An edge, or arc, is the connection between two vertices. Edges can be unidirectional and bidirectional. One edge can only connect two vertices. Edges, like vertices, are also documents with additional features.
For more information on connecting vertices in general, see Relationships below.
When ArcadeDB generates a record, it auto-assigns a unique identifier called a Record ID, RID for short.
The syntax for the RID is the pound symbol (#) with the bucket identifier, colon (:), and the position like so:
#<bucket-identifier>:<record-position>.
-
bucket-identifier: This number indicates the bucket id to which the record belongs. Positive numbers in the bucket identifier indicate persistent records. You can have up to 2,147,483,648 buckets in a database.
-
record-position: This number defines the absolute position of the record in the bucket.
A special case is #-1:-1 symbolizing the null RID.
|
Note
|
The prefix character # is mandatory.
|
Each Record ID is immutable, universal, and only reused when configured to, see bucketReuseSpaceMode.
Additionally, records can be accessed directly through their RIDs at O(1) complexity which means the query speed is constant, unaffected by database size.
For this reason, you don’t need to create a field to serve as the primary key as you do in relational databases.
Retrieving a record by RID is of complexity O(1).
This is possible as the RID itself encodes both, the file a record is stored in, and the position inside it.
In an RID, i.e. #12:1000000, the bucket identifier (here #12) specifies the record’s associated file, while the record position (here 1000000) describes the position inside the file.
Bucket files are organized in pages (with default size 64KB) with a maximum number records per page (by default 2048).
To determine the byte position of a record in a bucket file, the rounded down quotient of record position and maximum records per page yields the page (here ⌊1000000 / 2048⌋), and the remainder gives the position on the page (here ⌊1000000 % 2048⌋).

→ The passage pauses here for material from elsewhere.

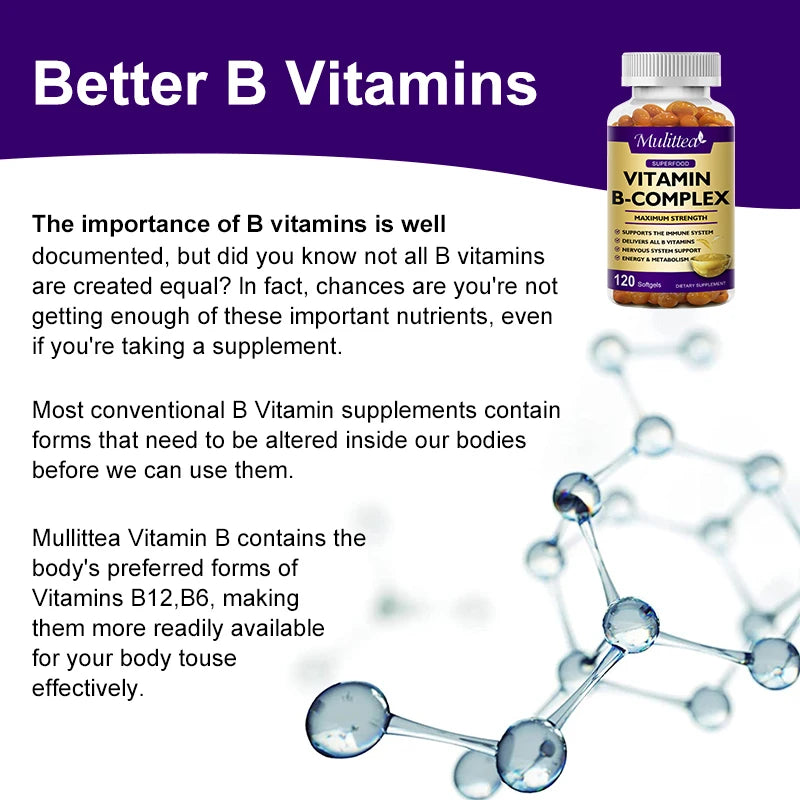 Vitamin B Complex Capsules – Energy, Mood, Stress & Immune Support | 120 Count Peaceful Pleasures Health and Wellness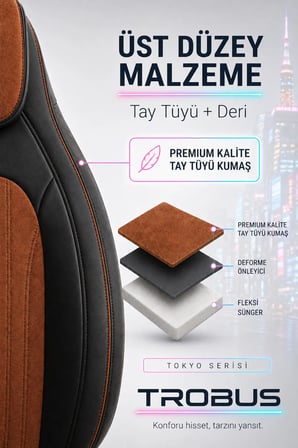 Volvo XC Serisi (XC40/XC60/XC90) 2008 ve Sonrası Bel Destekli Tay Tüyü Koltuk Kılıfı Tokyo Serisi Ta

In pseudo-code this computation is given by:
int pageId = floor(rid.getPosition() / maxRecordsInPage);
int positionInPage = floor(rid.getPosition() % maxRecordsInPage);The concept of type is taken from the Object Oriented Programming paradigm, sometimes known as "Class". In ArcadeDB, types define records. It is closest to the concept of a "Table" in relational databases and a "Class" in an object database.
Types can be schema-less, schema-full, or a mix. They can inherit from other types, creating a tree of types. Inheritance, in this context, means that a subtype extends a parent type, inheriting all of its properties and attributes. Practically, this is done by extending a type or setting a super-type.
Each type has its own buckets (data files). A type can support multiple buckets. When you execute a query against a type, it automatically fetches from all the buckets that are part of the type. When you create a new record, ArcadeDB selects the bucket to store it in using a configurable strategy.
As a default, ArcadeDB creates one bucket per type, but can be configured to for example to as many cores (processors) the host machine has, see typeDefaultBuckets.
In this, CRUD operations can go full speed in parallel with zero contention between CPUs and/or cores.
Having many buckets per type means having more files at file system level.
Check if your operating system has any limitation with the number of files supported and opened at the same time (ulimit for Unix-like systems).
|
Note
|
You can query the defined types by executing the following SQL query: select from schema:types.
|
Where types provide you with a logical framework for organizing data, buckets provide physical or in-memory space in which ArcadeDB actually stores the data. Each bucket is one file at file system level. It is comparable to the "collection" in Document databases, the "table" in Relational databases and the "cluster" in OrientDB. You can have up to 2,147,483,648 buckets in a database.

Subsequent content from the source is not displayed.